What needs to be done
Reproduce the listing that follows in full. Omit its images.

Exercise data
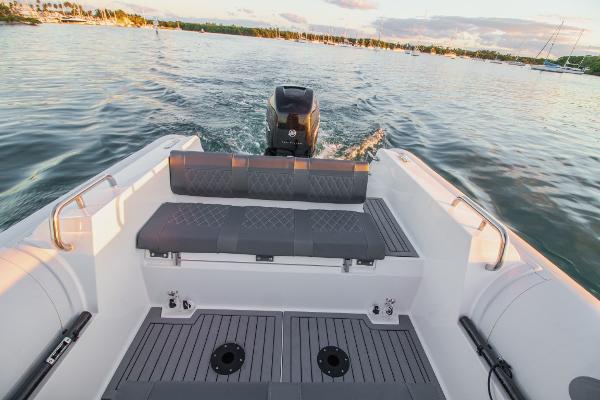 Slide: The Image of 2024 Northstar Orion 8 boat interior with seating and outboard motor on water. - 13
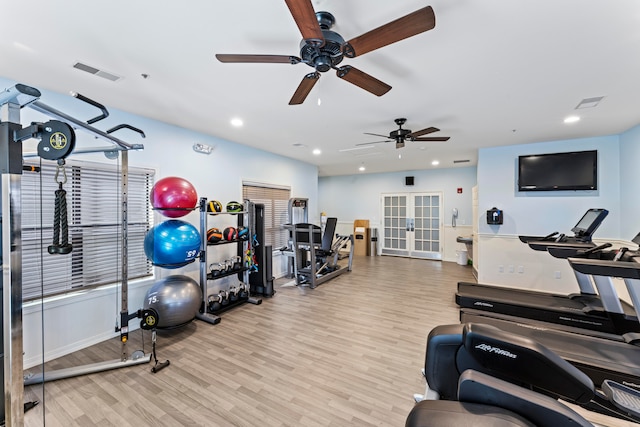 exercise room with ceiling fan, french doors, and light hardwood / wood-style floors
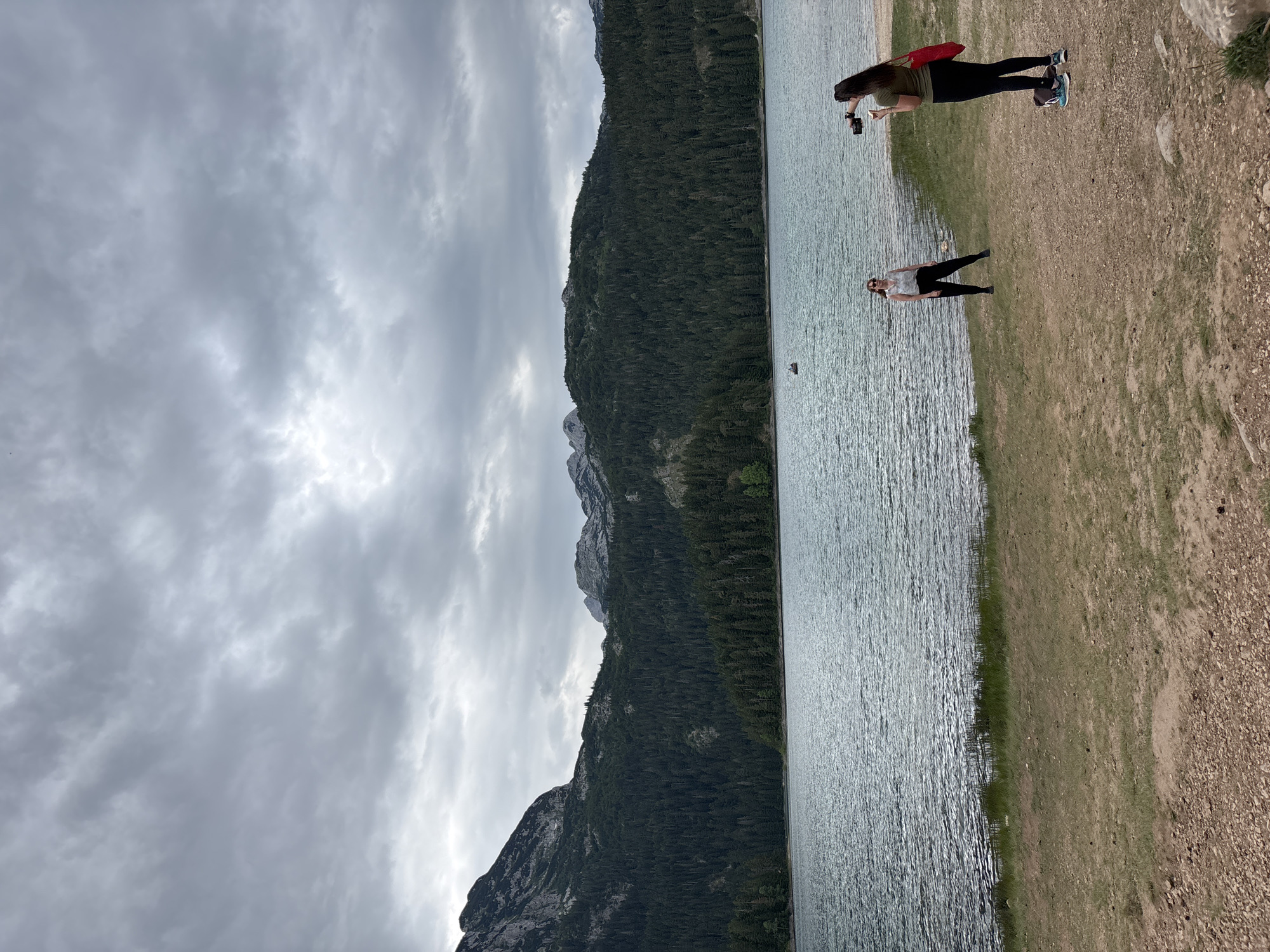 The image captures a serene natural landscape in Pitomine, Montenegro, featuring a vast lake bordered by a dense, dark green forest that climbs up rugged, grey mountains under a cloudy sky. In the foreground, a dry, sandy area with scattered pebbles transitions to a grassy bank along the lake's edge. Two women are present on the shore. One woman, on the right, is holding a video camera, appearing to film the other woman who is standing on the grass to her left, facing the camera. A small boat is visible on the water in the distance. The overall atmosphere is calm and picturesque, with the overcast sky lending a soft, diffused light to the scene.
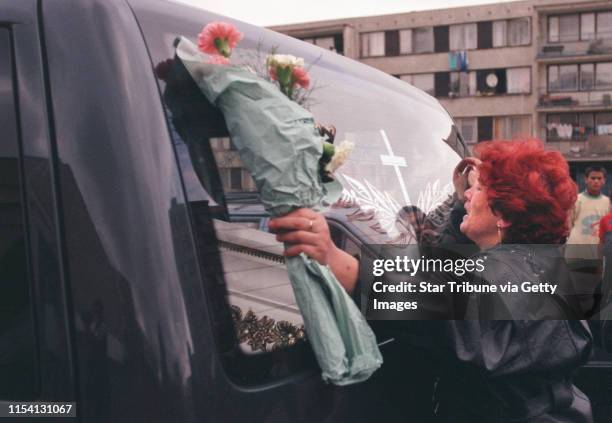 Chanov, Czech Republic. July 9, 1999. Roma Funeral. -- Kveta Fedacova wailed as the hearse containing the body of her 21-year-old son who died in a...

The answer
 Slide: The Image of 2024 Northstar Orion 8 boat interior with seating and outboard motor on water. - 13
 exercise room with ceiling fan, french doors, and light hardwood / wood-style floors
 The image captures a serene natural landscape in Pitomine, Montenegro, featuring a vast lake bordered by a dense, dark green forest that climbs up rugged, grey mountains under a cloudy sky. In the foreground, a dry, sandy area with scattered pebbles transitions to a grassy bank along the lake's edge. Two women are present on the shore. One woman, on the right, is holding a video camera, appearing to film the other woman who is standing on the grass to her left, facing the camera. A small boat is visible on the water in the distance. The overall atmosphere is calm and picturesque, with the overcast sky lending a soft, diffused light to the scene.
 Chanov, Czech Republic. July 9, 1999. Roma Funeral. -- Kveta Fedacova wailed as the hearse containing the body of her 21-year-old son who died in a...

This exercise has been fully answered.